Concerning your class studies and the fact that you go to the school that you do, you are wise in seeking advice about confronting your teacher. And it's no wonder that it upsets you. Your feelings are certainly justified. Just so you know, the Westboro Baptist Church is made up of mostly members who are of one family. I could make a joke about them being inbred, but seriously, they and their leader are all crackpots. They preach a message of hatred, something that is totally the opposite of what Jesus taught, so how "Christian" can they truly be? Jesus never said one word about, let alone against, same-sex relationships. This can be proven just by searching a red-letter Bible. In fact, His entire message was one of love and forgivness. Remember the "cast the first stone" incident in John 8: 3-11 and his admonishion about judging others (Matt. 1:7)? Maybe you could challenge your teacher's thinking by pointing these out to him. Show your discomfort by pointing out that the Westboro group's activities are in direct conflict with Jesus' whole message. Letting your discomfort show in this abstract manner will focus the attention on the Bible rather than you directly.
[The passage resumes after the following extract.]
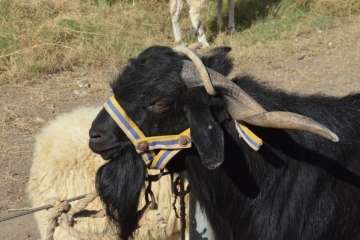 La feria de ganado despega en Jinámar (Foto Antonio Alí y Francisco Javier Santana)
It will also help focus attention on just what the Bible DOES say. Remember that in studying the Bible, one needs to know who is talking to whom, about what, and under what circumstances. Problem is, people tend to cherry-pick verses that back their own thinking. It's like my dad used to tell me, "the Bible says that Judas went out and hung himself. It also says go ye and do likewise. It does NOT mean that you should go hang yourself." THAT is the danger in cherry-picking verses. The verses in Leviticus are from the Jewish holy code, and also contain verses that condemn eating shellfish (like clams and shrimp) and wearing clothing of two different fabrics (like a cotton/poly shirt). They weren't meant to apply to anybody except orthodox jewish rabinical students studying for the high priesthood. And the verse in Romans is Paul telling the christians in Rome not to continue to practice their traditional pagan rituals, like fertility rites and temple prostitution, which weren't "normal" things straight people would do. His admonishment is in the first lines of the second chapter of Romans, which is ignored by those citing this incident. These are all things that have been refuted in books like "The Children are Free: Reexamining the Biblical Evidence on Same-sex Relationships". or "Christianity, Social Tollerance, and Homosexuality" by John Boswell. I also recommend "Rescuing the Bible from Fundamentalism" by Bishop John Shelby Spong, which refutes the notion that the Bible can be taken "literally, word for word". My favorite is to point out the conflict in the second chapters of Luke and Matthew, commonly called the Christmas story. Where the Holy Family went after the visits of the wise men and shepherds differ in the two gospels, and the harder you try to read them "literally, word for word" the worse your case gets. One only has to prove ONE incident, while fundamentalists would have to refute ALL the errors and conflicts, as Bishop Spong points out. It's why fundamentalism is a false religion. As Jesus said, we should STUDY the scriptures, not merely READ them, for He well knew that this would happen.
Hope this gives you some insight into how to approach the subject with your teacher, without drawing attention to yourself. Focus the discussion on what the Bible says, and maybe you can change some minds. That's powerful stuff you've got there, and so use it wisely. Just be aware that very religious people often don't like to discuss their position - they just want to tell you their views. The "don't confuse me with the facts" mentality. Thus, they may dismiss your points out of hand. But at least you can let them know by challenging them. Go ahead and give 'em heartburn, Cameron! You're a tough cookie.